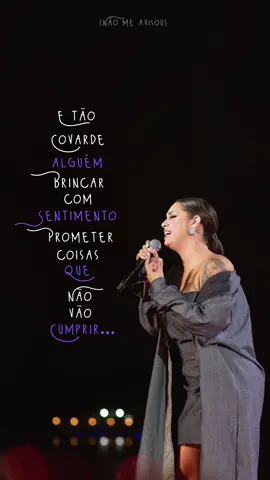 É tão covarde alguém, brincar com sentimento…🖤💭 #raphaelasantos #bandaafavorita #recife #pernambuco 
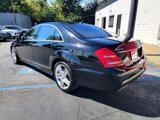 Used 2013 Mercedes-Benz S 550 4MATIC image 3
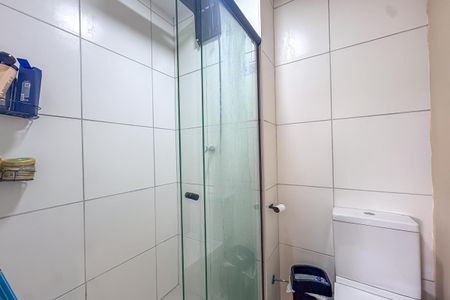 Apartamento à venda com 38m², 2 quartos e sem vagaBanheiro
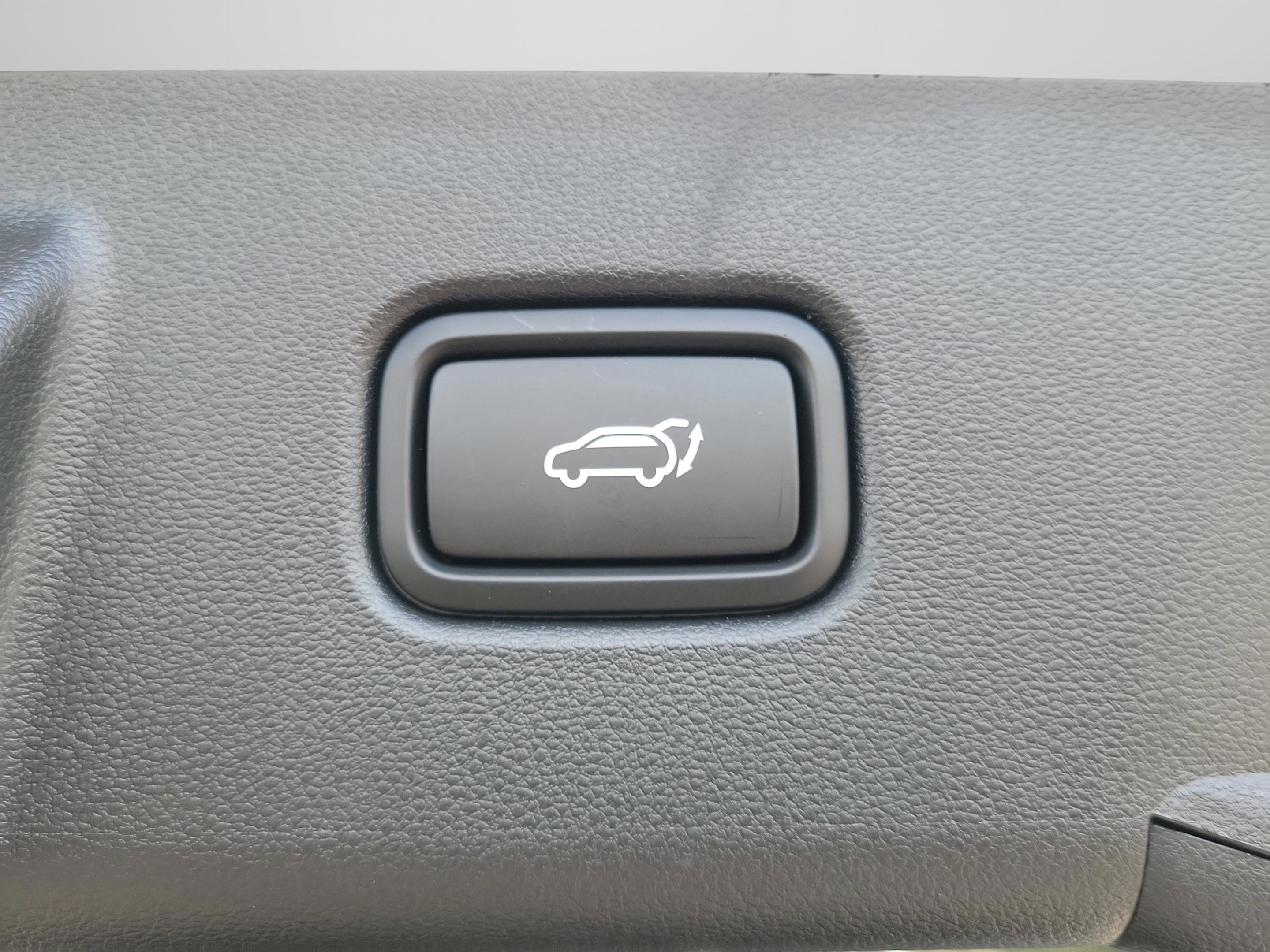 New 2026 Hyundai Tucson SEL image 30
..........
> **About this task**:
Any picture in the listing is to be omitted. Return exactly the lines from the one containing "Used 2013 Mercedes-Benz S 550 4MATIC image 3" through its last line, both included, and only those.

> **Solution**:
 Used 2013 Mercedes-Benz S 550 4MATIC image 3
 Apartamento à venda com 38m², 2 quartos e sem vagaBanheiro
 New 2026 Hyundai Tucson SEL image 30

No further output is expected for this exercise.